__STORED DATA__:
====

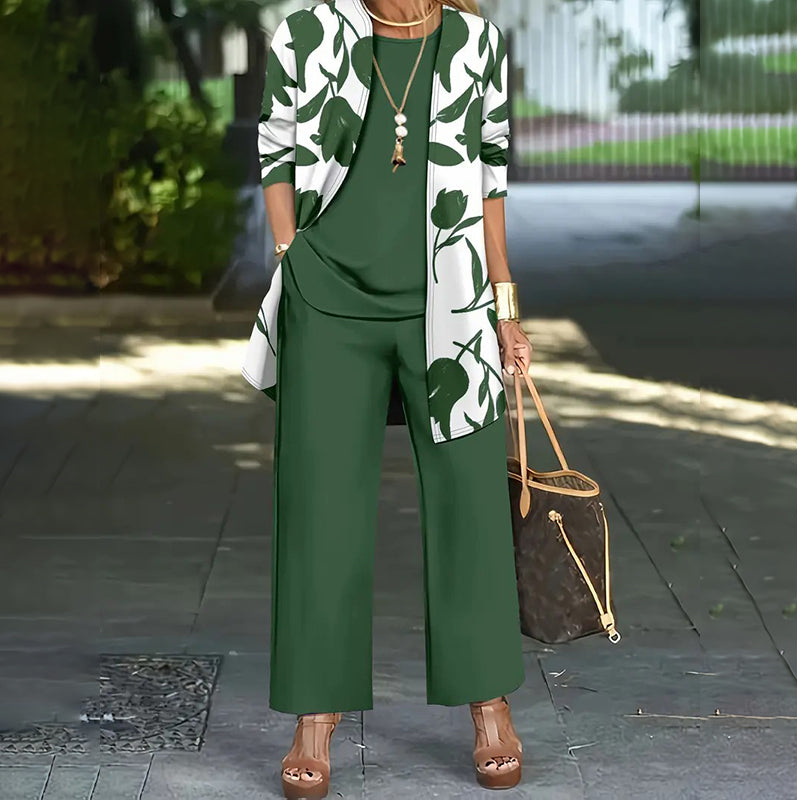 Conjunto de tres piezas de poliéster para mujer. Chaqueta floral, pantalón recto. Ideal para moda de otoño.
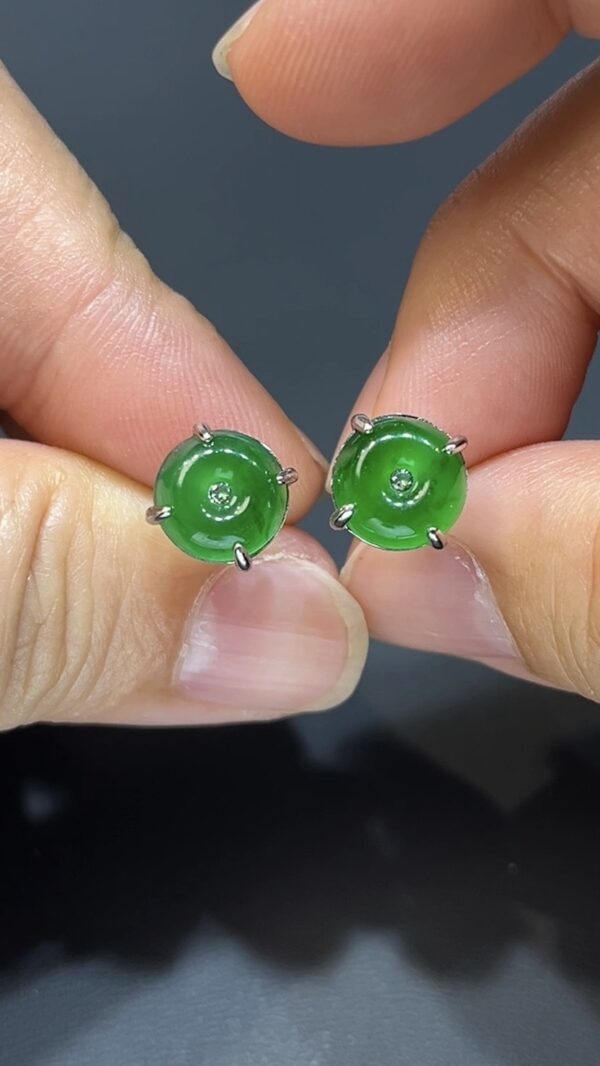 翡翠玉器精選編號#387 彩韻平安．危地馬拉高色翡翠耳環 - Image 3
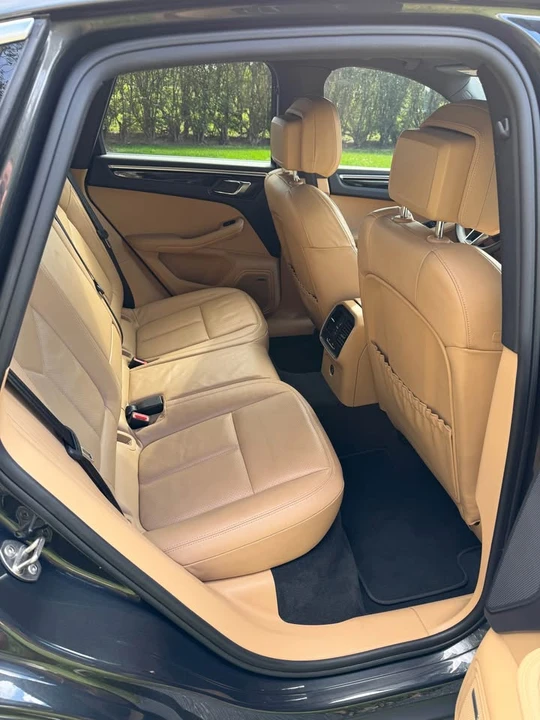 2018 Porsche Macan S - Image 12 of 17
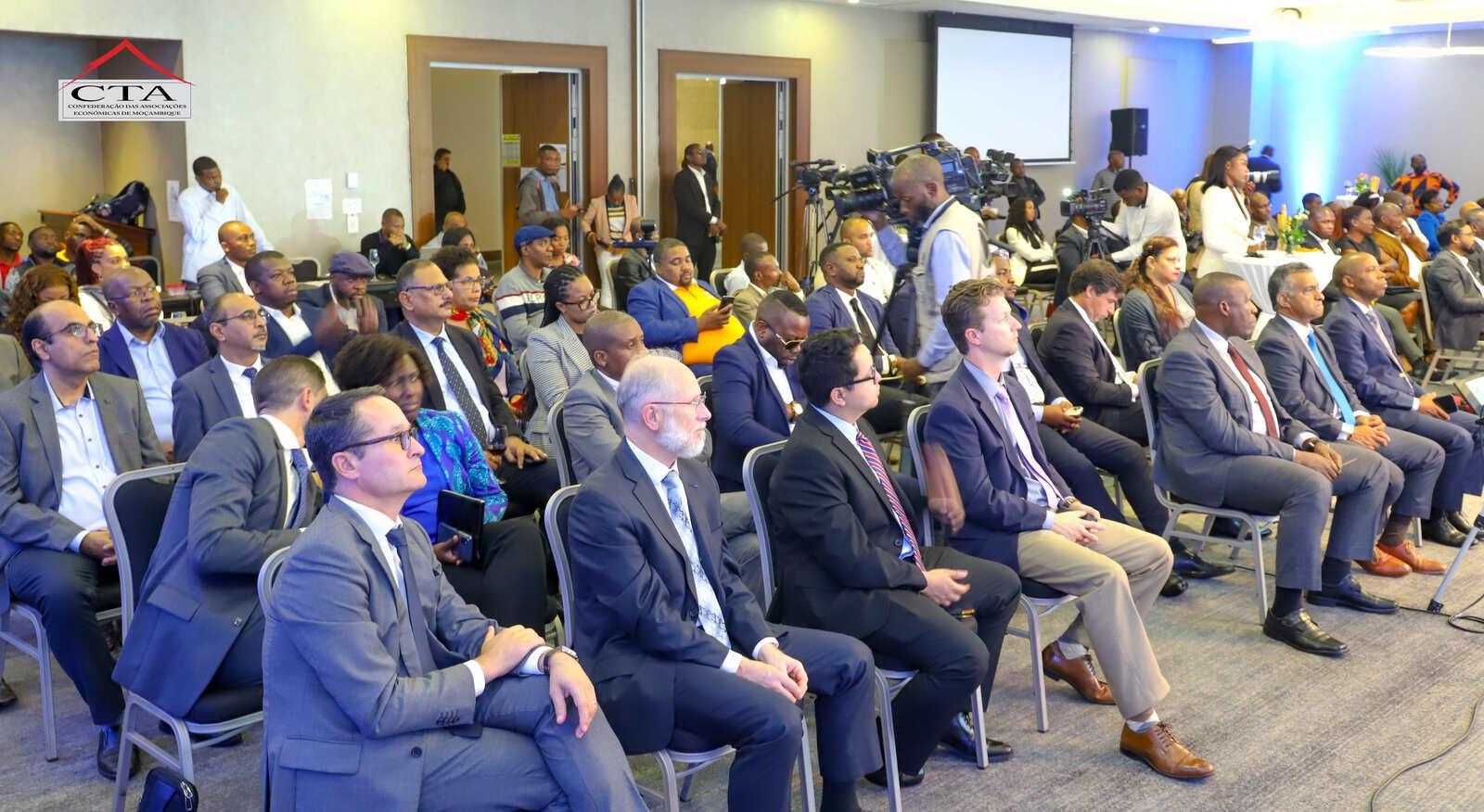 Mozambique’s Annual Private Sector Conference opens: 3,000 in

====

__YOUR INSTRUCTIONS__: What is needed here is an exact transcript of the data above, pictures excluded.

__REPLY__:
 Conjunto de tres piezas de poliéster para mujer. Chaqueta floral, pantalón recto. Ideal para moda de otoño.
 翡翠玉器精選編號#387 彩韻平安．危地馬拉高色翡翠耳環 - Image 3
 2018 Porsche Macan S - Image 12 of 17
 Mozambique’s Annual Private Sector Conference opens: 3,000 in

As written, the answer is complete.